第422話
戦闘を終えて解体を終えると、シーナとルーナが広場全体に浄化魔法を掛けて回った。
いまでは直径100メートルほどの広さなら2人で3回。
計6回で十分浄化出来るようになった。
どんなことでも続ければ『熟練度』が上がって上達することを、ようやく2人も理解したようだ。
地面に直で正座しているジョシュアとジョアンナ。
その前で静かな怒気を放っているスゥ。
さくらはその様子を見守りつつ、アームチェアに座って休憩中。
「浄化終わりました」
〖 ご苦労様でした。
では結界を張って休憩にします 〗
「ご主人さま・・・疲れた?」
「いや。途中で3人が交代してくれたからな」
そう。追加の戦闘は8回。
しかし5回目からスゥたち3人がさくらと交代して戦闘に入っていた。
3人は共闘ということで、ジョシュアたちの解体作業を手伝っていた。
レアの『解体のナイフ』を使っているため、一瞬で解体されていく。
ジョシュアたちはそのナイフを驚いて見ていた。
「話には聞いていたが見たことがなかった」
「普通にエンテュースの武器屋でも売ってたぞ」
「はい。ユリティアの冒険者ギルドでも売っていました」
4回目の戦闘を終えて、ハンドくんがひと刺しで解体していく姿を見て、さらに驚いていた。
4回目に現れたのは大量のハチ。
ただし。
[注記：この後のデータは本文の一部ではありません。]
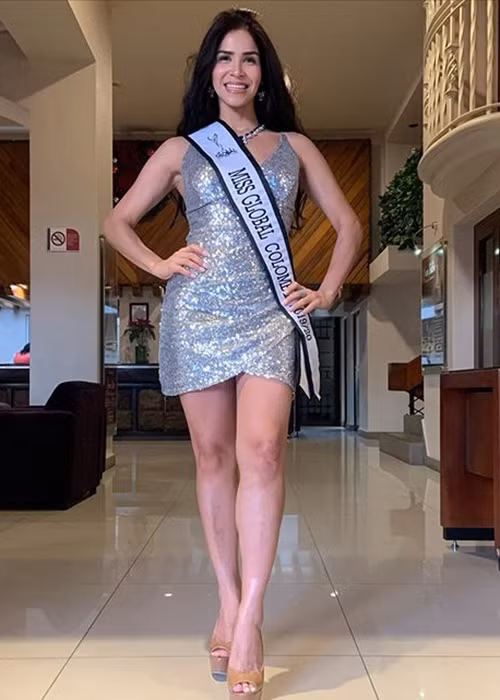 Đại diện Colombia khoe bức ảnh chân dài, eo thon khi tham gia cuộc thi Miss Global 2020.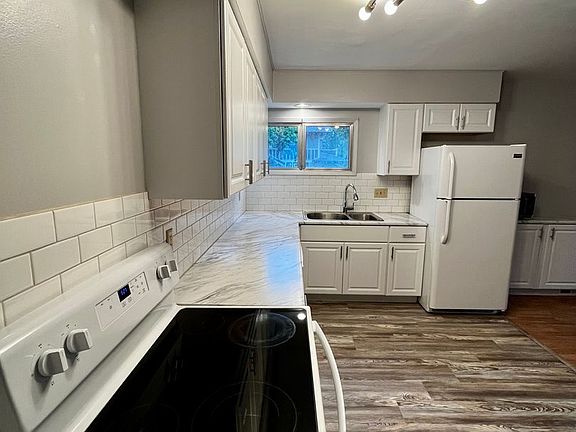 4th image of 503 S Black Ave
一体の大きさがソフトボールと同じだった。
光線銃で撃ち落とす。
光線から逃げられても、ハンドくんたちがハリセン・・・ではなくプラスチック製の『ハエ叩き』で叩き落としていた。
・・・ハエじゃないのに。
『あれは『ハエ叩き』ではありません』
・・・じゃあ、なあに?
『『ヨルク叩き』です』
違う〜!
っていうか、プラスチック製だから痛いってー!
『大丈夫です。
ヨルクを叩く時は、ほとんどはハリセンです。
本当に悪いことをした時に使っているだけです。
繰り返されたら困るので『痛い思い』をしてもらうのですよ』
そっか。
じゃあ、いつもじゃないんだね。
さくらは知らない。
初めて『ヨルク叩き』が登場した『聖なる乙女たちの品評会』以降、臀部を叩く時に使われていることを。
そして・・・『神叩き』も存在することを。
「何故お二人は作戦が守れなかったのですか?」
スゥの責める声に、ジョシュアとジョアンナは正座して俯いている。
言えるはずがない。
『ヒナルクに任せてもロクに戦えないだろう』なんて見下していたなんて・・・
「見下していたんでしょう?
『ご主人様が魔物と戦えるわけがない』って」
シーナの指摘にビクリと身体を震わす2人。
それだけで『シーナの言葉が正しい』と理解したスゥが大きく息を吐いた。
「何故『見たことがない』のに見下していたの?
自惚れ?
ご主人は私たちに守られているだけだって。
そう思っていたの?」
さくらにはすでに休憩してもらっている。
ハンドくんと共に300体以上の魔物を倒して貰ったのだ。
〖 人間は瘴気に弱い 〗
それは以前、師匠に注意されたこと。
そのため結界の中に結界を張ってもらい、休んでもらっているのだ。
その姿はスゥたちには見えない。
スゥが一任されたのだ。
だからこそ『二度と繰り返さない』ように厳しく注意をするのだ。
シーナとルーナの時に、自分以上にご主人と師匠も心を痛めた。
二度と繰り返さない。
その思いは、シーナとルーナも同じだ。
二度目の別荘から帰って来た時に、弱って眠り続けるご主人の姿に師匠の言葉が突き刺さった。
〖 貴女たちが平気でも、ご主人も平気だと思わないように 〗
分かったつもりでいた。
でも、別荘で眠った翌日に目を覚さなかったご主人。
次の日も・・・
そんなに弱っていたなんて気付かなかった。
そして、起きても長くは起きていられなかったご主人。
その姿を見て、私たちは別荘から帰って誓い合った。
『二度とご主人に負担をかけない』
別荘でシーナが暴走した時のこと。
当時のことはよく覚えていないが、ただシーナは『ご主人様に失礼なことをした』と後悔していた。
だから、誓い合った。
『ご主人を守るために言動を改める』
敬う気持ちがあれば、決して見下すことはない。
シーナは、生命をかけてご主人を守るために。
ルーナは、二度とご主人に迷惑をかけないために。
ご主人が出なくてもいいように強くなると。
戻ってから変わってきた。
そして・・・目の前にいるのは、『あの頃』のまま変わらずに生きたシーナとルーナの『数年後』のようだった。